Eduard Seidler

Verfolgte Kinderärzte 1933-1945

Entrechtet - geflohen - ermordet
Cover: Verfolgte Kinderärzte 1933-1945
Bouvier Verlag, Bonn 2000
ISBN 9783416029193
Gebunden, 494 Seiten, 29,65 EUR

Klappentext

Nahezu jeder zweite Kinderarzt in Deutschland - ein Drittel davon Frauen - war nach 1933 im Sinne der nationalsozialistischen Gesetze jüdischer Herkunft oder galt als politisch missliebig. Ihre Erfolge und vor allem ihre Beliebtheit erregten schon vor 1933 die Missgunst vieler ihrer nichtjüdischen Kollegen. Mit der vorliegenden Studie untersucht zum ersten Mal eine deutsche medizinische Fachdisziplin die Hintergründe und die z.T. erschütternden Umstände der Verfolgung ihrer über 750 betroffenen Kolleginnen und Kollegen aus Deutschland, Wien und Prag.
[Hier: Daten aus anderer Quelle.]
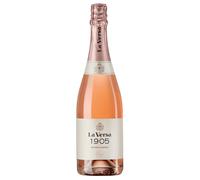La Versa La Versa 1905 Vino Spumante di Qualità Metodo Classico Rosé Brut 0,75 ℓ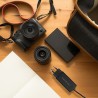 QOLTEC ŁADOWARKA SIECIOWA 90W GAN | 5-20V | 3-4.5A | USB-C 3.1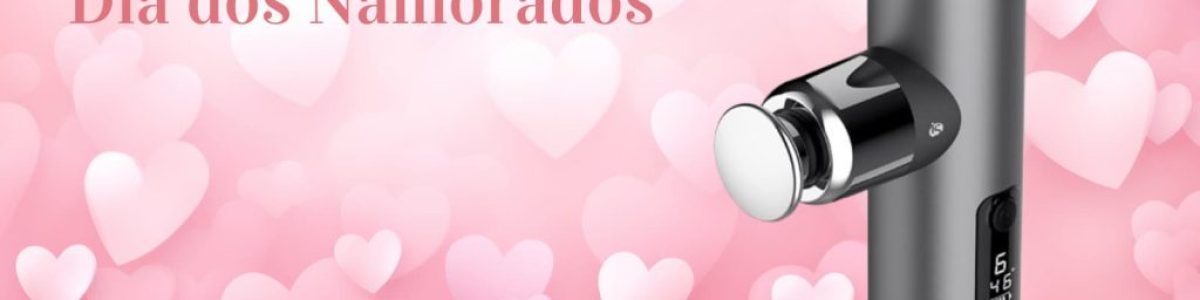 Passatempo Dia dos Namorados: ganhe uma Pistola de Massagem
Biographische Daten, Selbstzeugnisse und Briefe berichten von ihren einzelnen Schicksalen. Die Zerstörung der Existenz dieser Menschen wurde von der Mehrzahl der deutschen Kinderärztinnen und Kinderärzte jener Generation widerstandslos geduldet. Es ist daher das besondere Anliegen dieser Untersuchung, nicht nur die Erinnerung wach zu halten, sondern dem weiteren Vergessen und Verdrängen entgegen zu wirken.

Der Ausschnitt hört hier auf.